Frugal and nice with anything (and on their own). I’m a purest with the humble oatcake. I love ’em with a nice lump of local cheese or even with a little of Janes Mum’s Marmalade, they are versatile and an ever-present in our ‘Oat Cake’ tin.
The Oatcake originated in Scotland, where historically they were the only grain that grew up there on the wild northern part. Oats are really healthy and I would say that they are a ‘superfood’ for sure. My Dad used to say that porridge put hairs on your chest, but it didn’t work for me (and thankfully, my sister!).
Of course these crunchy delights can be meddled with, but the toasted oat flavour is enough for me (but sometimes I do add a handful of toasted sunflower seeds).
For people who are looking to eat less gluten. If you make them thicker and add a tsp of baking soda, bake them for a little longer, you have a substantial substitute to bread.
This is as simple as it gets. Rough oatcakes are best, so the rougher you are here, the tastier the cake. It’s basically porridge, flat and baked:
A quantity of medium oats (judge by eye how many you’d like to make, 1 cup will make around 5 nicely sized oatcakes).
In a bowl, add half cold filtered water and half boiling out of the kettle (stir until a thick paste is formed)
A decent swig of olive oil
A nice pinch of nice salt and a good few twists of cracked pepper.
Traditionally, I believe a heavy skillet was used to make these. I’ve tried it out and its a lot easier to whack them in the oven (we always try to bake a few things at a time, not to waste all that heat).
Preheat oven to 1800C.
Handle the oatmeal paste like dough, with some spare oats as your flour being used for dusting the surface and the dough. If done properly, not much should stick to your fingers. I flip them over a few times on an ‘oated’ plate and fashion a roundish shape with my fingers (for neat ones, use a round cutter), then place them on a lightly oiled tray. The oatcakes should have a rough look and texture.

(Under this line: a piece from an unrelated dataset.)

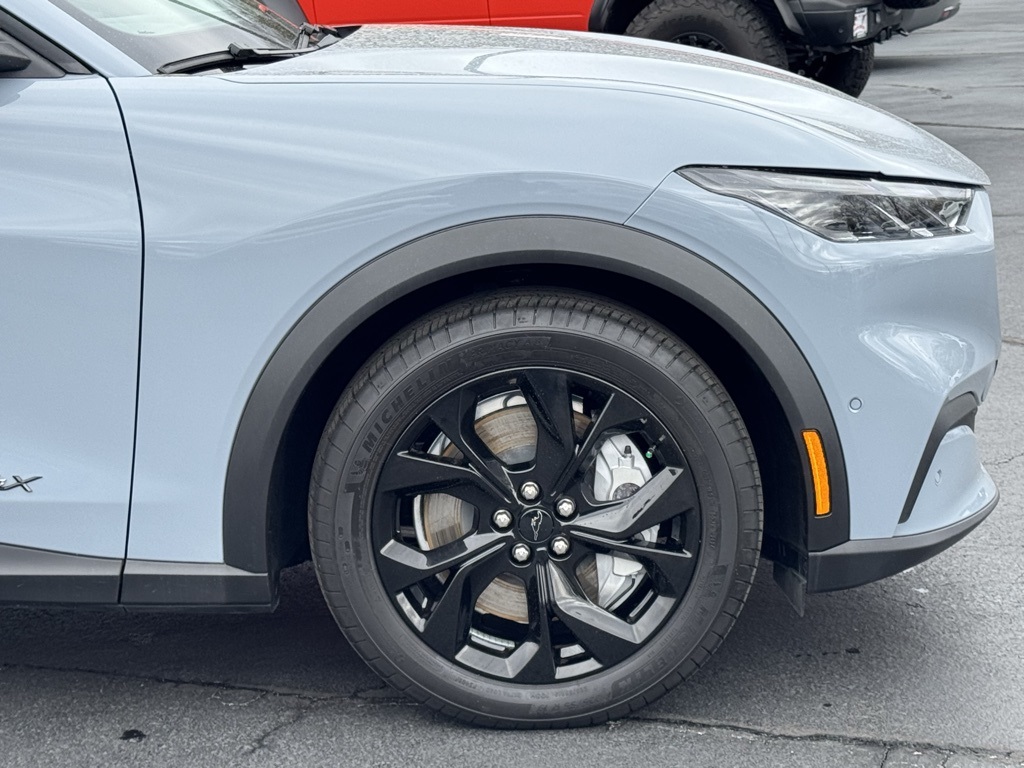 Vehicle image 45 of 46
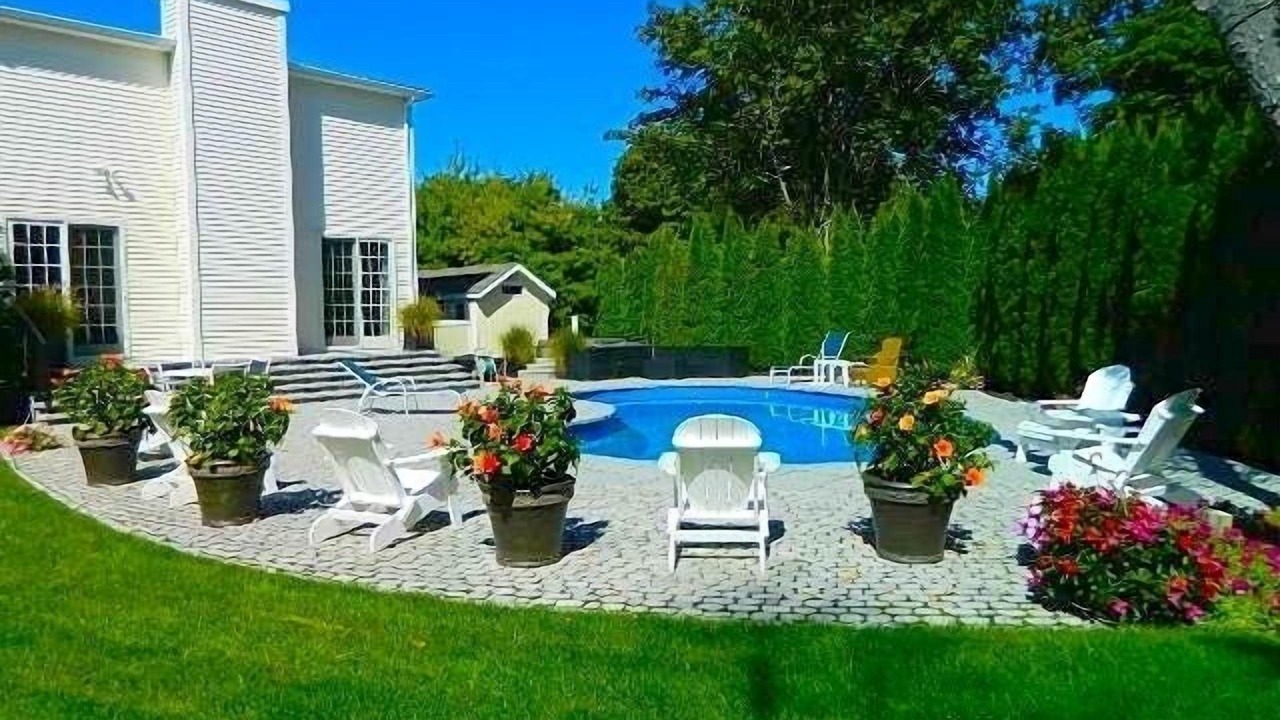 Photo of Outdoor in Hampton Bays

Bake for 20 minutes, then turn them and bake for a further 10 minutes.
Leave to cool on a wire tray.
Anything you fancy. They are a great substitute for bread, we eat them with soup for example. But for me, they are the finest accompaniment to a strong flavoured cheese, like a Welsh ‘black bomber’ cheddar or a Stilton (long clawson is the finest).
We Love It
They remind me of my Scottish roots (as does my ginger beard!), I lived in Glasgow for years and have fond memories of persistent drizzle and good whiskey.
Oats contain Beta-glucan, which slows the release of carbohydrates into the bloodstream, lowering the chances of any dramatic changes in blood sugar levels. It’s also packed full of fibre. Excellent roughage. Oats hang around in the stomach, making you less hungry, probably leading to losing a little weight. They also help to ease hyper tension or high blood pressure. You see. ‘Superfood’!!!